Water scarcity affects 2.2 billion people globally, but Professor Omar Yaghi’s latest creation tackles this crisis head-on. His shipping container-sized atmospheric water harvester extracts 1,000 liters of drinkable water daily from desert air with just 20% humidity—no electricity required.
The device leverages Yaghi’s Nobel Prize-winning work with Metal-Organic Frameworks (MOFs), synthetic materials so porous that a few grams contain surface area equivalent to a football field. Solar heat activates the MOFs to release captured water vapor for condensation, creating an entirely off-grid water source that works where traditional methods fail.
Death Valley Validation
Extreme testing proves the technology works in Earth’s harshest conditions.
Real-world trials in Death Valley—where summer temperatures exceed 120°F and humidity drops to single digits—validated the harvester’s capabilities. The device maintained consistent water production even under these brutal conditions, demonstrating reliability for disaster relief and remote deployments.
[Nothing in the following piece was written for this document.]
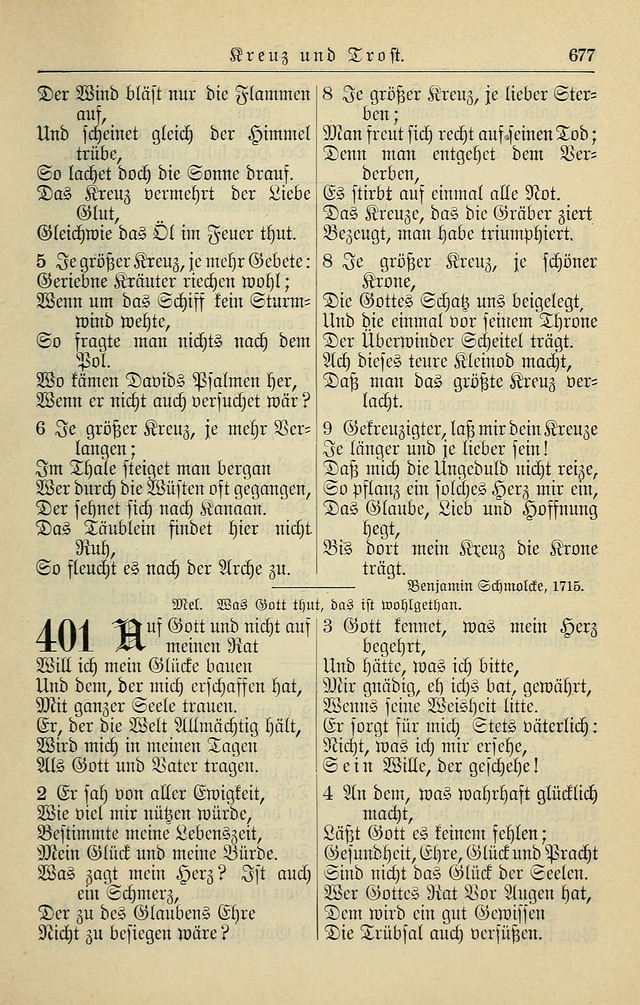 Kirchenbuch für Evangelisch-Lutherische Gemeinden page 677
Yaghi’s company Atoco targets three markets:
- Household “personalized water” systems for off-grid properties
- Emergency disaster response units
- Large-scale installations for water-insecure communities
Think solar panels for water instead of electricity—a self-contained solution that generates essential resources from ambient conditions.
From Refugee Camp to Nobel Stage
Personal experience with water scarcity drives breakthrough innovation toward commercial reality.
Growing up in a Jordanian refugee camp shaped Yaghi’s mission to solve water access through chemistry. The UC Berkeley professor shared the 2025 Nobel Prize in Chemistry with Susumu Kitagawa and Richard Robson for developing MOF technology, but his focus remains intensely practical.
“The science is available; what we require now is the bravery to implement these solutions on a larger scale,” Yaghi explains. Atoco’s commercial push aims to make atmospheric water harvesting as common as rooftop solar—transforming water from a scarce commodity into a renewable resource you can generate at home.
Your cabin in Utah or emergency preparedness kit could soon include technology that seemed like science fiction just years ago.